## Activity
Only the lines from the start of the data below through the line that contains "Jungen sitzen mit" are to be copied, exactly and without pictures.

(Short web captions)
══════════

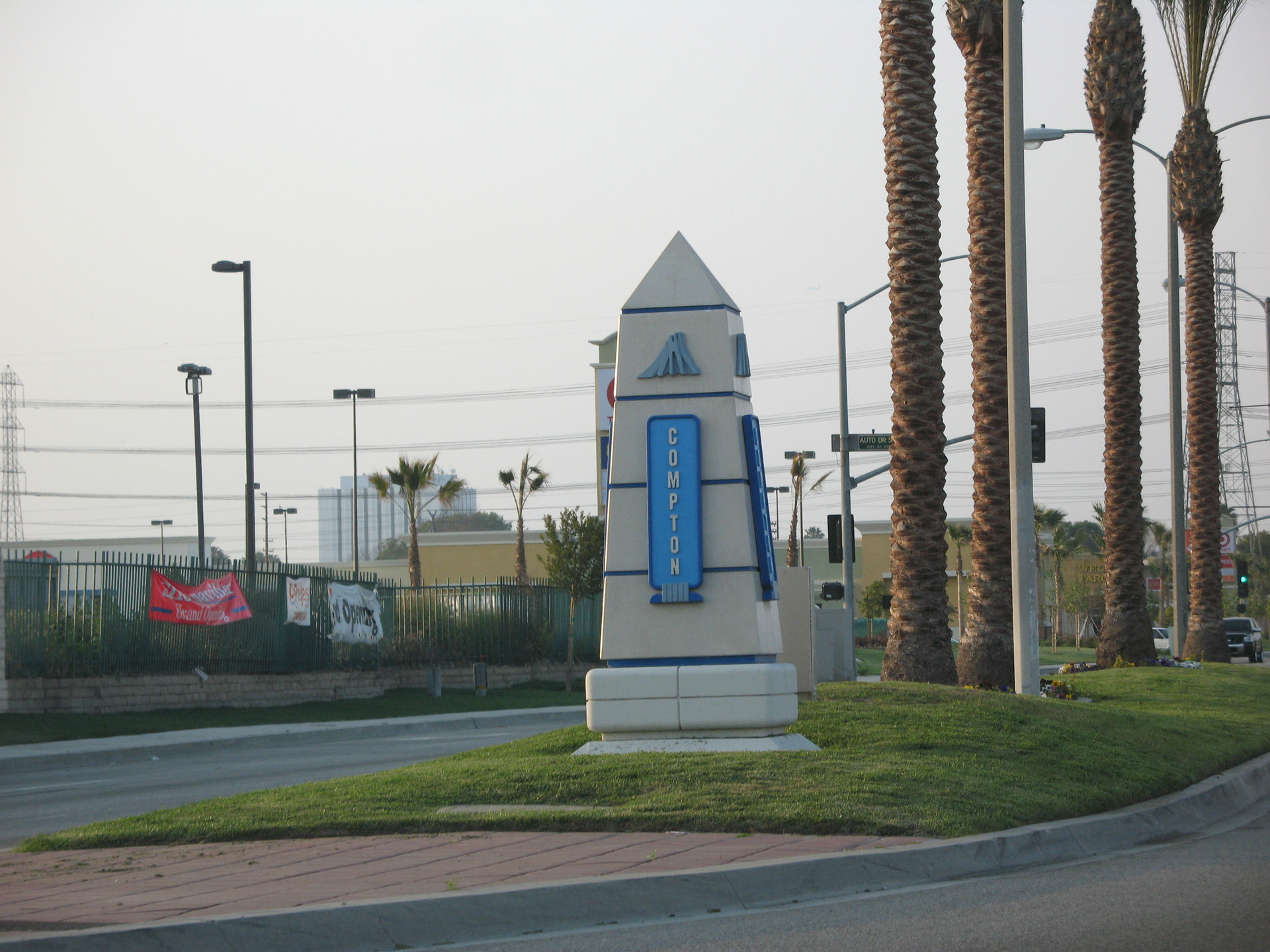 Compton city gateway monument on a palm-lined median, photographed in 2008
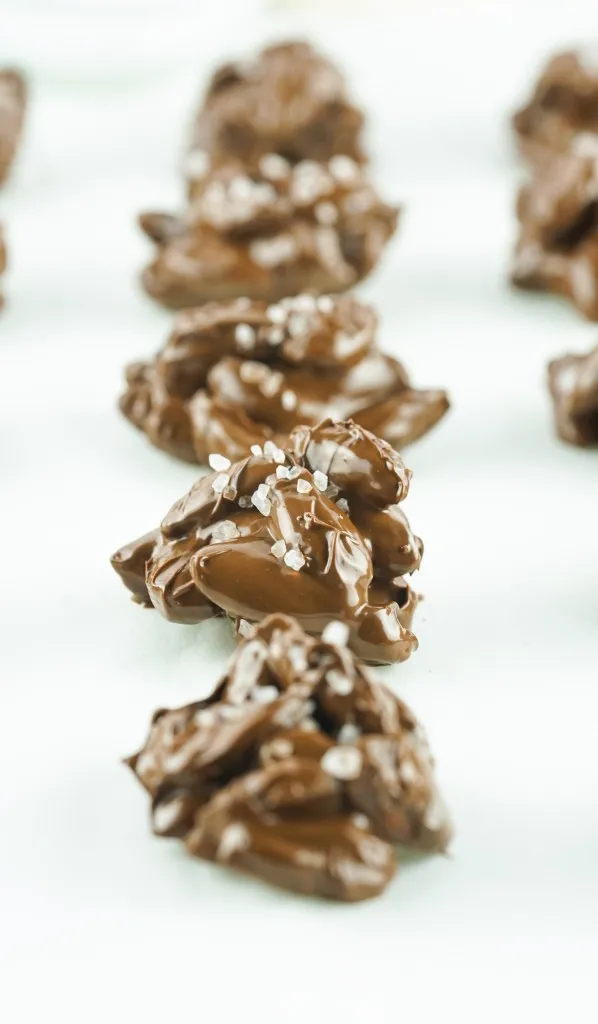 a closeup view of chocolate almond clusters dusted with sea salt on a piece of parchment paper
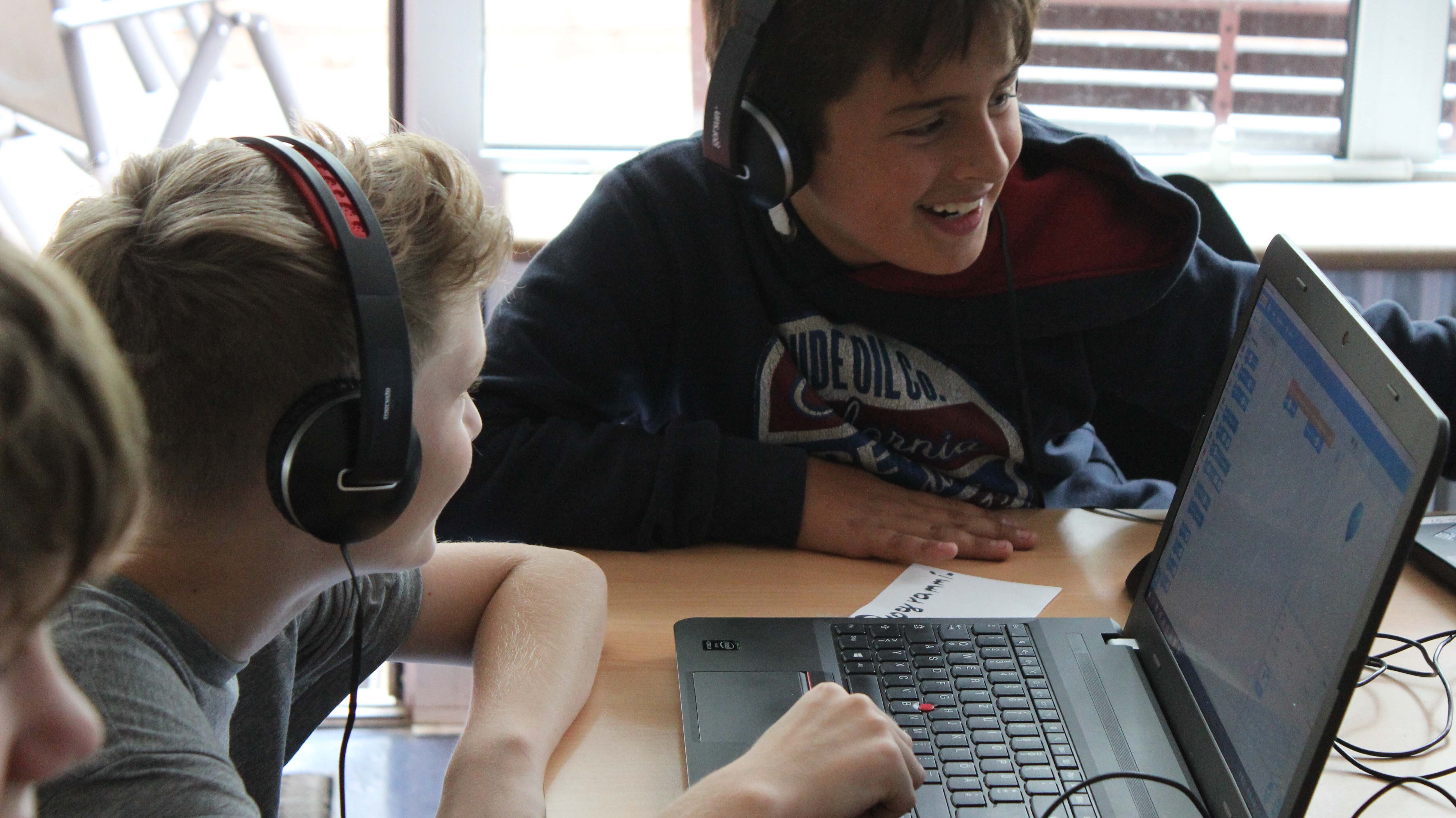 Jungen sitzen mit Kopfhörern vor einem Laptop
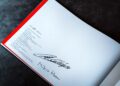 Open book displaying printed text in multiple languages and two large handwritten signatures on a blank white page, evoking memories of Lanzante’s iconic McLaren F1 GTR at Goodwood.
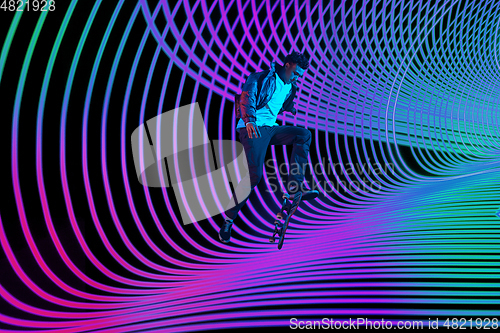 Image of Caucasian young skateboarder riding on dark neon lighted line background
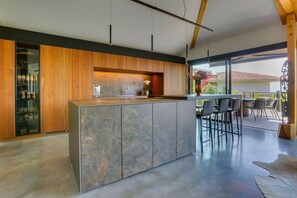 Une cuisine moderne dotée d’un îlot en marbre, de lambris en bois et d’un coin repas avec des chaises.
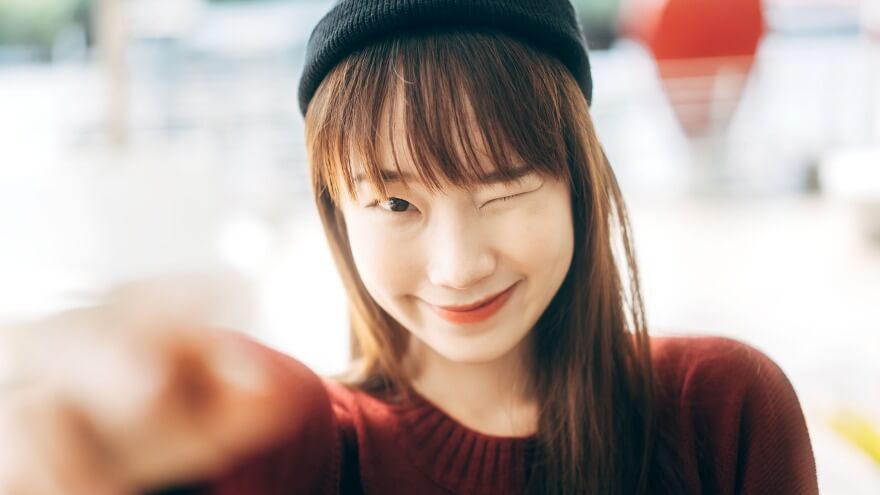 A Korean k-pop fangirl is smiling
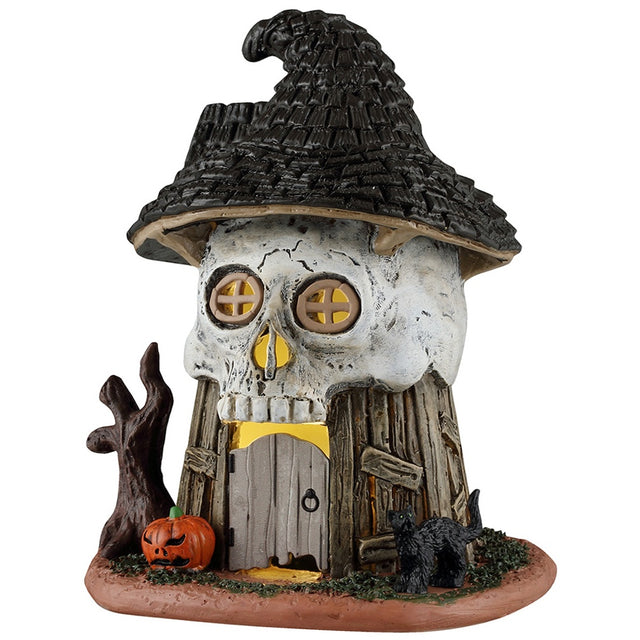 This image shows what this Lemax Spooky Town table accent looks like on a white background. It was designed to look like a wooden house with a skull wearing a witch's hat for a roof. You can see the yellow glow from inside through the two eye windows and the door.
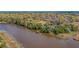Aerial view showcasing a waterfront property and pier at 5565 Colonial Chatsworth Cir, North Charleston, SC 29418
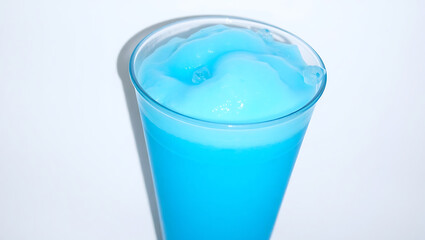 Refreshing blue slush drink served in a clear cup. 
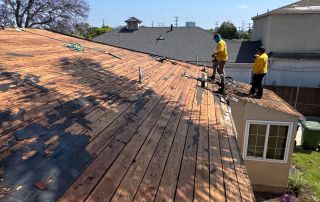Workers repairing roof on sunny day.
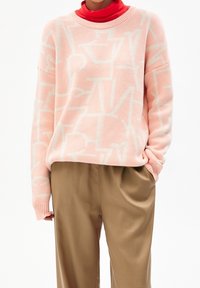 Persona che indossa un maglione rosa pastello con motivi astratti, una dolcevita rossa sotto e pantaloni beige larghi con le mani parzialmente nelle tasche.
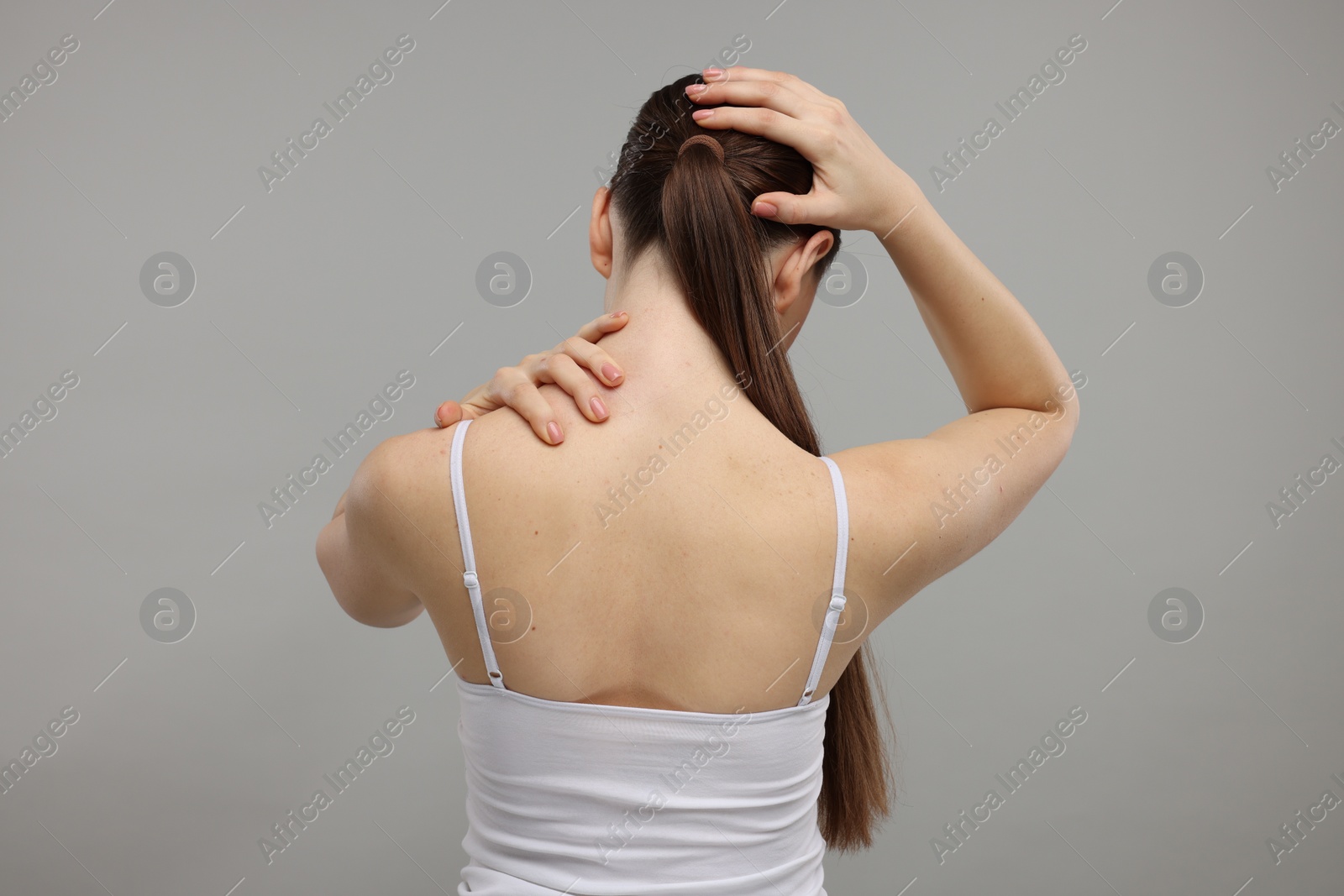 Photo of Woman touching her neck and head on grey background, back view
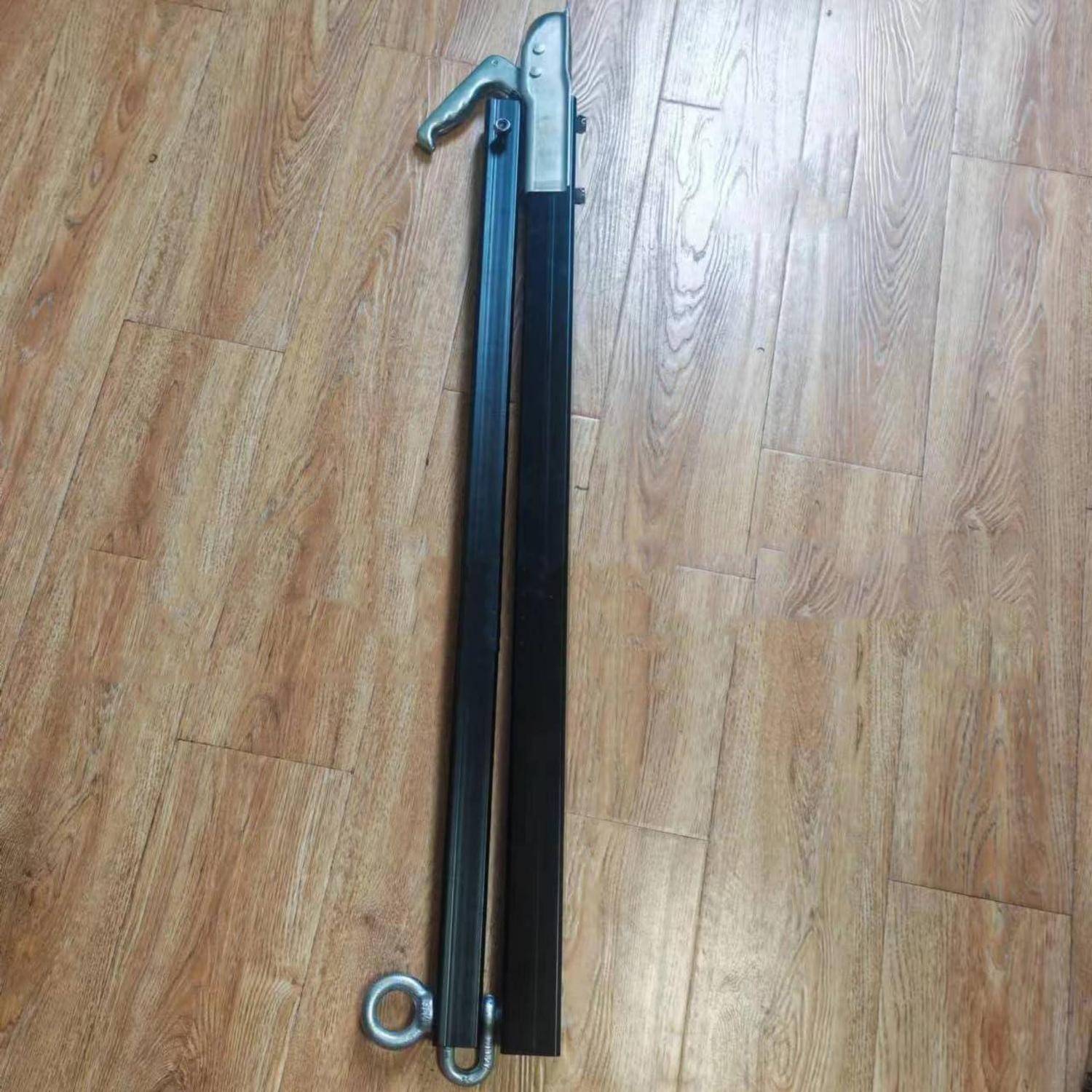 Metallisches Faltgestell oder Stützbein auf einem Holzboden, mit einem Haken an der Oberseite und einem Kreisring am unteren Ende.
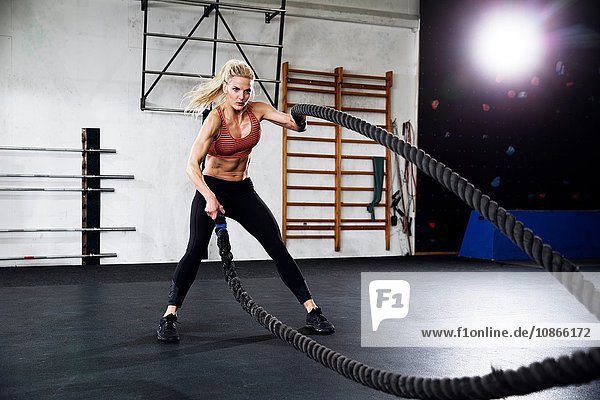 Mid adult female crossfitter using battling ropes in gym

══════════

## Written answer
 Compton city gateway monument on a palm-lined median, photographed in 2008
 a closeup view of chocolate almond clusters dusted with sea salt on a piece of parchment paper
 Jungen sitzen mit Kopfhörern vor einem Laptop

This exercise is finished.